The current ‘starting-rate’ of income tax for savings interest is 10% on the first £2,880 of savings income. From next month, the lowest rate will be 0%, and the amount of savings you can have before you have to pay tax has risen to £5,000. The government first talked about this in the Chancellor's Budget last March, but the rule will only come into force at the start of the next tax year on 6th April 2015.
Who can benefit?
If you have a total income of less than £15,600 in the tax year 2015-2016, you may be eligible for tax-free savings. To work out whether you qualify, add up all of your wages, pensions, and benefits that you receive in a year. This must be less than the Personal Allowance of £10,600, and any income earned from savings interest must be below £5,000 for you to benefit from the tax-free savings. If you’re not sure whether you’ll be eligible for tax-free savings interest, HMRC has a helpful calculator on its website to help you work it out. Around a million savers will be eligible to pay no tax on the first £5,000 of their savings income, according to the government’s estimates.
If your yearly income is more than £15,600, but the amount you earn that doesn’t from savings income is less than this, you may be able to reclaim some tax on your savings income. The government estimates that 500,000 savers will be able to benefit from this, so if you’re on a lower wage or salary, there’s a good chance you’ll be able to make a bit of extra money on your savings income.

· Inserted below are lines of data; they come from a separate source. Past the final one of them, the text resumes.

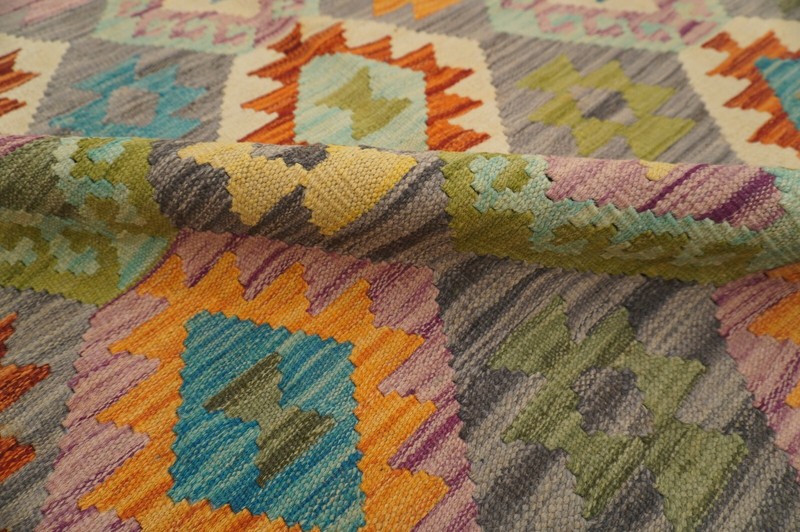 5x7 Afghan Gray Hand Woven Wool Tribal Area Rug 5'0"x6'7" gallery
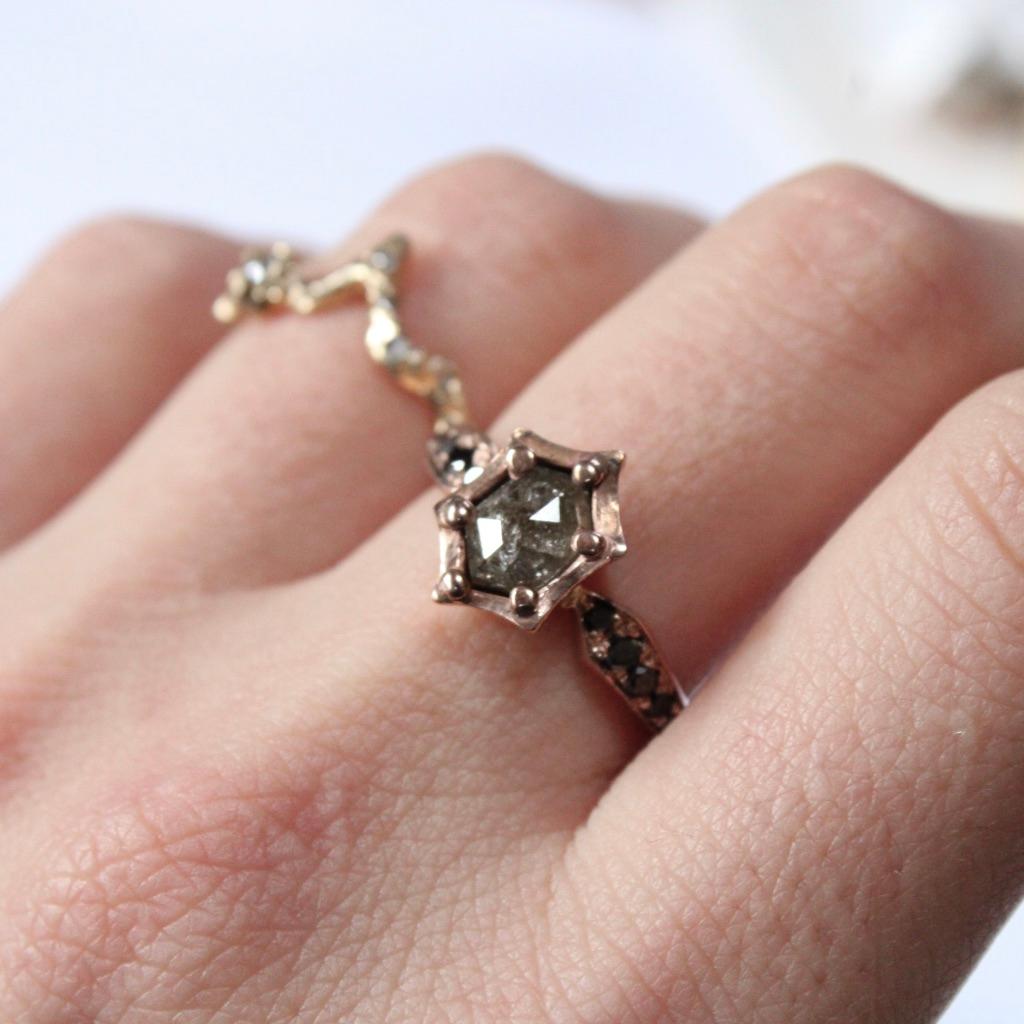 14 Karat Rose Gold Hexagon Diamond Ring In New Condition In Foxborough, MA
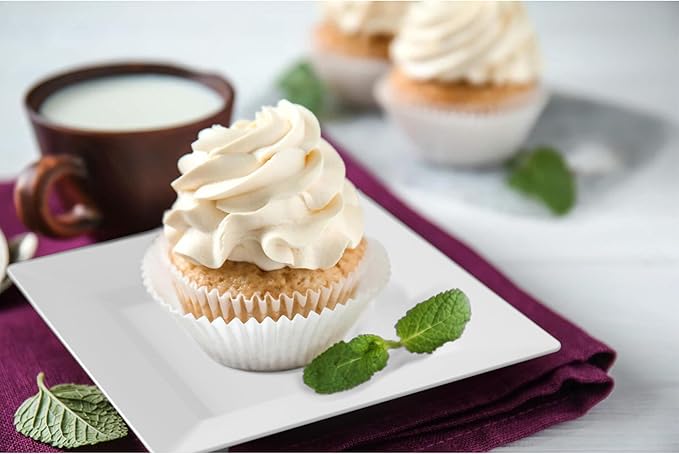 Exquisite Mini Disposable Appetizer Plates - 100 Pack 4.5 In. x 4.5 In. White Plastic Dessert Plates - Elegant Design for Weddings, Birthdays, and Formal Parties - Stackable and Convenient - BPA Free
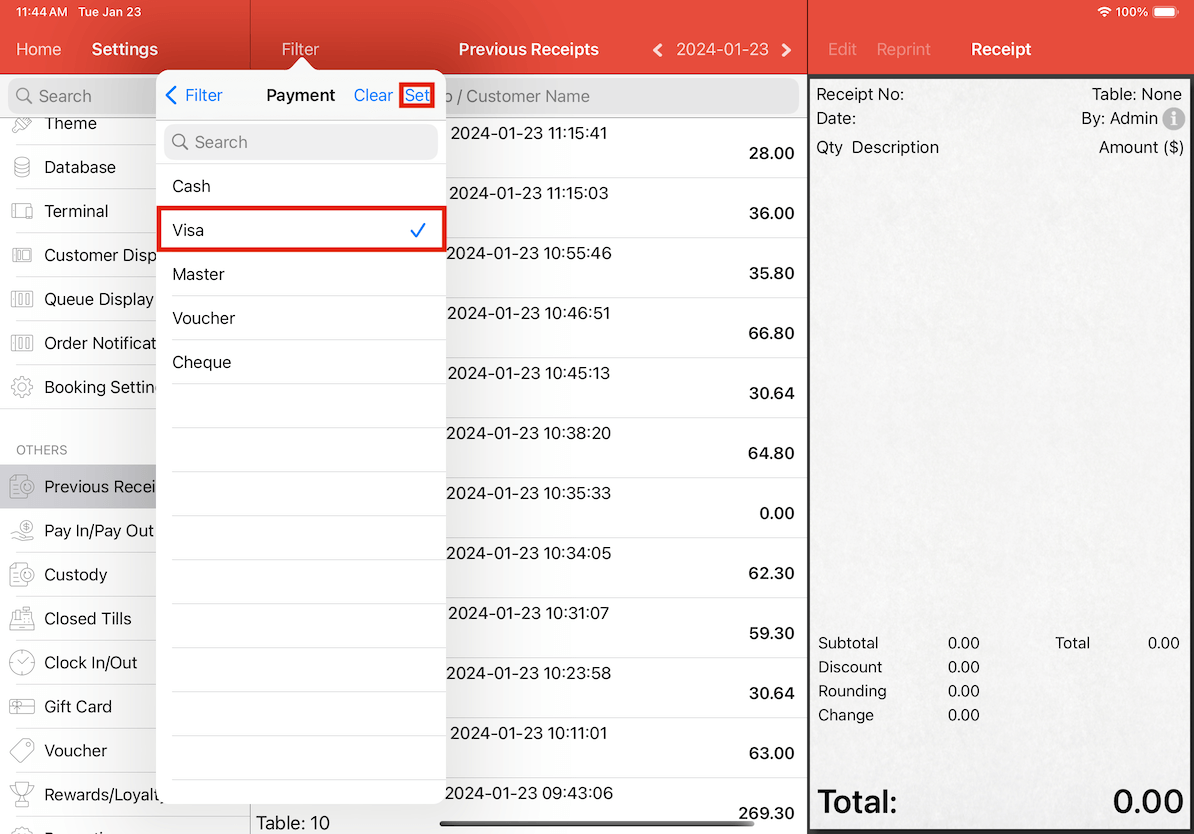 mobipos previous receipts example 3 filter details part 2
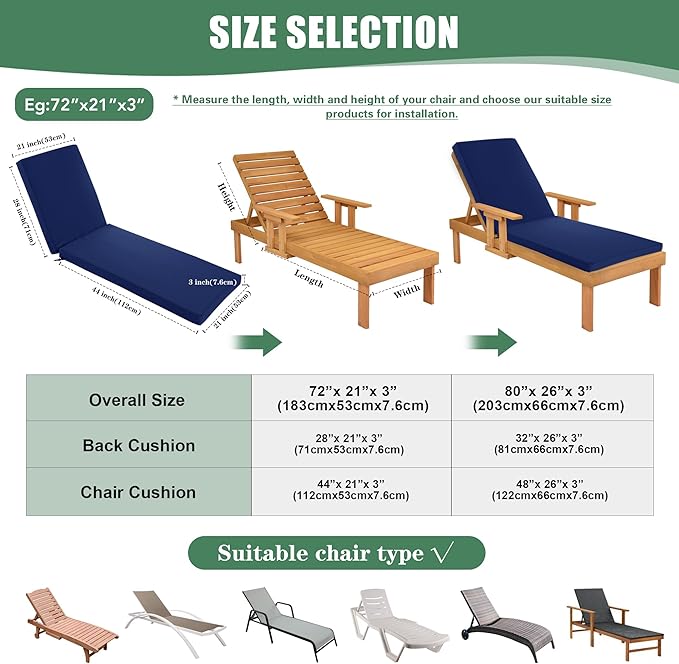 Chaise Lounge Cushions Outdoor - Waterproof and Fade Resistant Sun Lounger Replacement Cushions - Patio Lounger Pads with Removable Cover for Pool, Deck, Lawn, 72 x 21 x 3 Inch, Navy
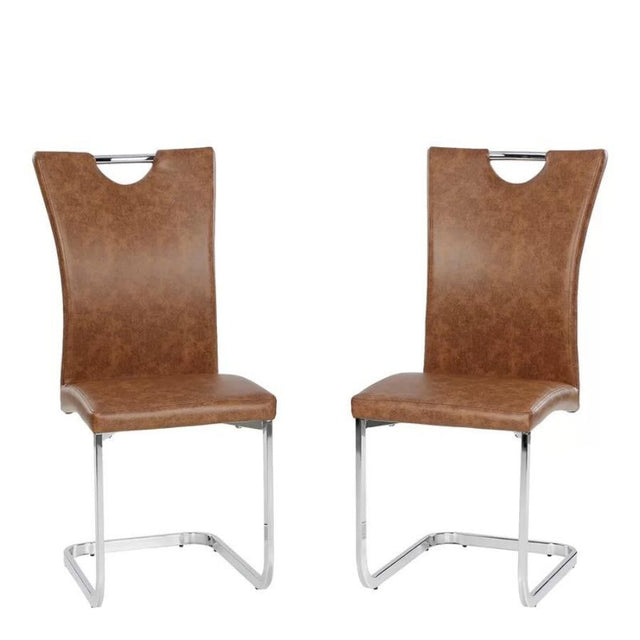    Modern-Brown-Faux-Leather-Dining-Chair-With-Chrome-Metal-Cantilever-Base-_-Chrome-Handle-Set-of-2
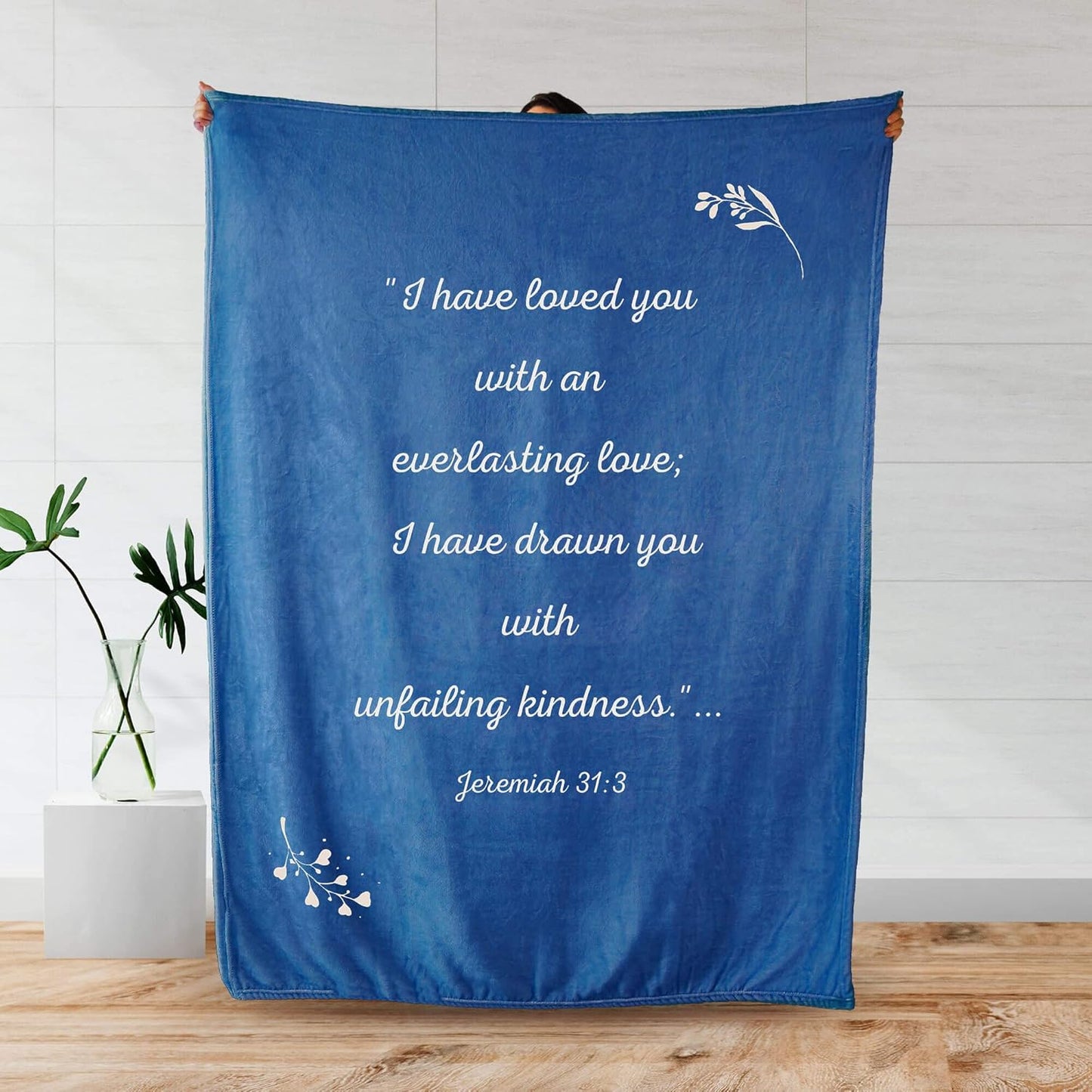 Scripture Blanket Soft Prayer Blanket with God's Love Verse from Jeremiah 31:3 - Blue 50"x65" Inspirational Bedspread - Lightweight Flannel Fleece Bible Verse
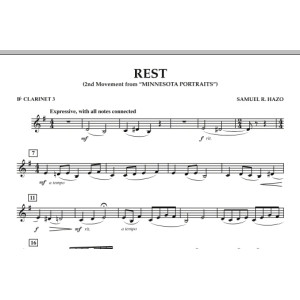 Rest (Mvt. 2 of "Minnesota Portraits") - Bb Clarinet 3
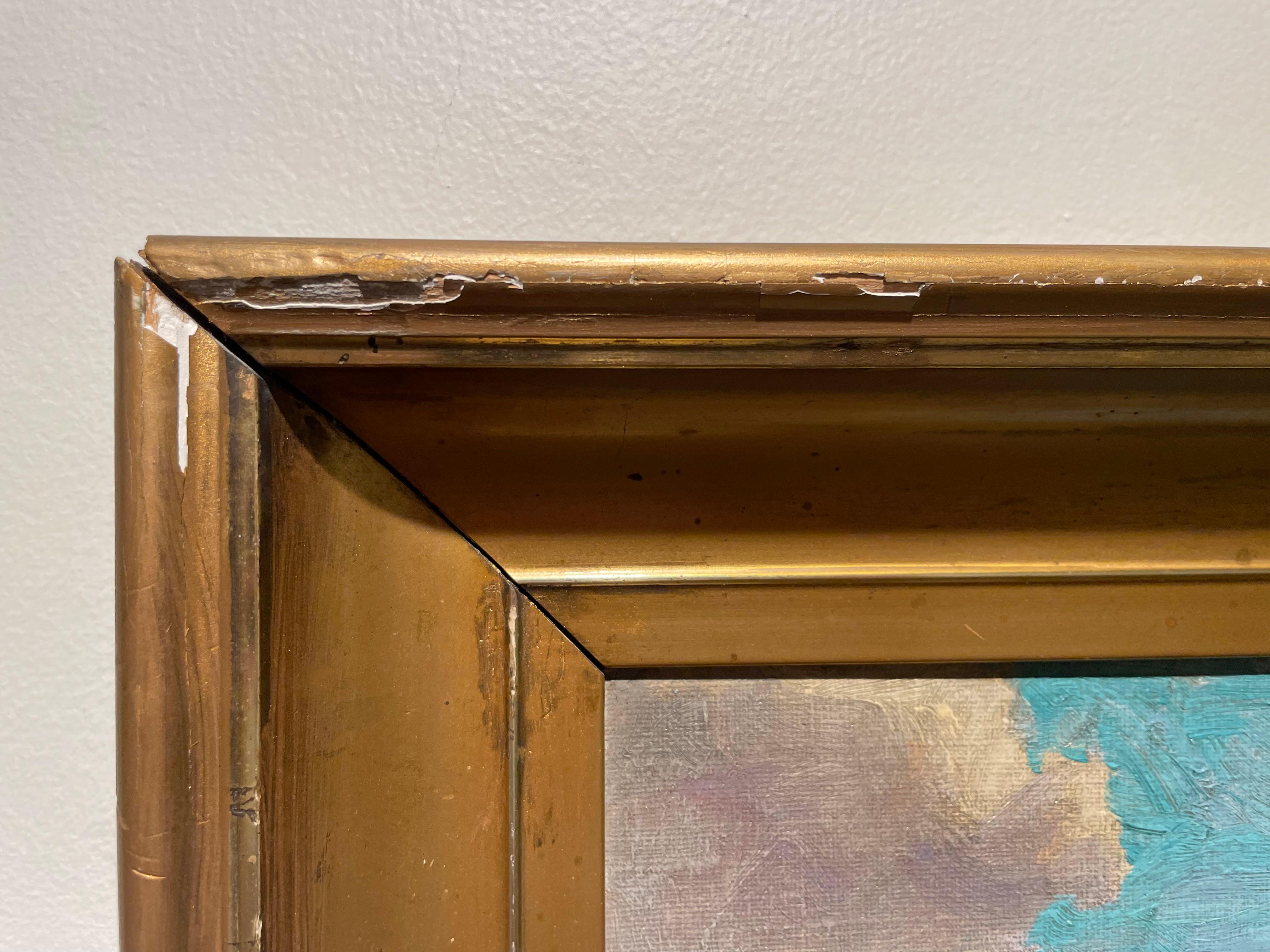 20e siècle Paysage d'une grange avec meules de foin, Cleveland School Artist en vente 6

The changes don’t apply to ISAs, or other tax-free savings accounts, like Premium Bonds, as you already don’t pay any income tax on these.
How do I apply?
To apply for the tax-free savings interest, you’ll have to fill in form R85, which can be downloaded from the government’s website. This will tell your bank, building society, or alternative savings account provider that you don’t need to pay tax on the interest you earn on your savings. If you hold more than one account, you’ll have to fill out a form for each one. If you think you’re eligible to claim, you should fill in form R40 instead.
If you have a change in your circumstances during the year, and this means that you earn more than the threshold, you’ll have to tell your bank or building society that you need to start paying tax on your savings income again – otherwise you’ll have to repay it later.